Hacker Newsnew | past | comments | ask | show | jobs | submitlogin

> An important factor in reducing the size of the codebase and executable is that Jacobin relies on Go’s built-in memory management to perform garbage collection, and so it contains no GC code.

This breaks my brain thinking about it. A lot of what the JVM does is interpreting/JITing bytecode and ensuring it links/executes correctly, and writing that logic itself in Go is one thing. But how does Go's GC help you garbage collect objects in the JVM you're implementing?

For example, you have objects in the JVM heap, tracked by the code you're writing in Go. You need to do a GC run. How does the Go GC know about the objects you're managing in the JVM? Do you just... write wrapper objects in Go around each of them, and code up a destructor so that freeing the Go object frees the tracked JVM object? How do you inform the Go VM about which pointers exist to your JVM objects?

I realize I'm in way out of my depth here, and only have a "user"'s understanding of what GC's do, having never implemented one myself, but it seems crazy to me that Go's GC can Just Work with a VM you're writing in Go itself.



I suspect every JVM heap alloc is implemented by doing an alloc in Go. The JVM references to the object are pointers in the Go VM. So no special magic is needed. When the Go VM stops referencing an object, the Go GC will collect it.


Does this mean that code running inside Jacobin might be vulnerable to memory exhaustion issues[1], whereas in JVM they might have gotten an OutOfMemoryError instead because JVM heap size is fixed at startup time?

[1] For example https://pkg.go.dev/vuln/GO-2023-1704


Interesting idea. That sounds like this could run java programs with only the memory they actually need, instead of dividing a server up into pieces just because a java program "might" some day, possibly, maybe, ever need that much.

Which tends to be cargo culted into "use these arguments when running java programs", thus a "hello world" responder gets allocated 128GB of ram.


Java leans much more heavily on its GC than Go does so it will be interesting to see whether that's really an approach that works.


Not too familiar with Go, but my first instinct is how will it handle non-vanilla references, of the weak, soft, or phantom variety?


Given how primitive the Go GC is, I doubt it'll work at all.


I don't think primitive is a good description of the go gc. It's definitely got different design constraints (Vs the various java gc, for example), particularly around the philosophy of minimising knobs, but within those constraints it's pretty highly optimised.

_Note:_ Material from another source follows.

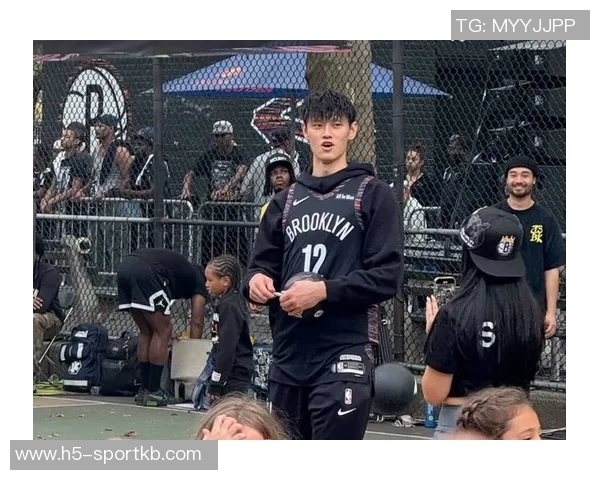 北京男篮提前布局曾凡博被篮网裁掉后仍有机会重返赛场 北京男篮提前布局曾凡博被篮网裁掉后仍有机会重返赛场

It will work, bat since it’s not a moving GC you may end up with a lot of heap fragmentation, and as I don’t think it is generational it may get into a state where it stops collecting or has quite long pause times (can’t remember if it limits its pause times).


It is kind of interesting to look at some of the differences in GC approach in the JVM vs Go - the different goals, different tradeoffs, different approaches, etc. Go's is definitely simpler in that there is a single implementation, it doesn't have nearly as many tuning knobs, and it is focused on one things vs the JVM GC implementations that give you a lot of control (whether that is good or not..) over tuning knobs and it is a pretty explicit goal to support the different GC-related use cases (ie, low-latency vs long-running jobs where you only care about throughput).

One of the things I really like about Go is that a lot of the designs and decisions, along with their rationales, are pretty well documented. Here are the GC docs, for example - https://go.dev/doc/gc-guide.

For example, Go doesn't move data on the heap around so to combat fragmentation, it breaks the heap up into a bunch of different arenas based on fixed sizes. So a 900 byte object goes into the 1K arena, etc. This wastes some heap space, but saves the overhead and complexity with moving data around.



Arenas are still experimental (as of go v1.21).


Sorry, I used the wrong terminology. They are called “spans” in Go’s GC. There are different sizes of spans that allocations end up in, which helps avoid fragmentation.


It will "work". It won't be as fast and precise as the JVM.


As noted by someone in a sibling thread, it's possible it might yield better memory total allocation size, which if true could be interesting and worthwhile by itself as a tradeoff to consider on an app by app basis.


?

Go has a complete GC. It's not like Go relies on reference counting.

The biggest problem is that it's non-moving, so fragmentation is an issue. But that's true of many languages, e.g. C/C++.


A “complete”—i.e. functioning—tracing GC is a weekend project. (Mark-sweep, mark-compact, or stop-and-copy, take your pick.) Perhaps not as simple as basic unoptimized reference counting, but still not hard.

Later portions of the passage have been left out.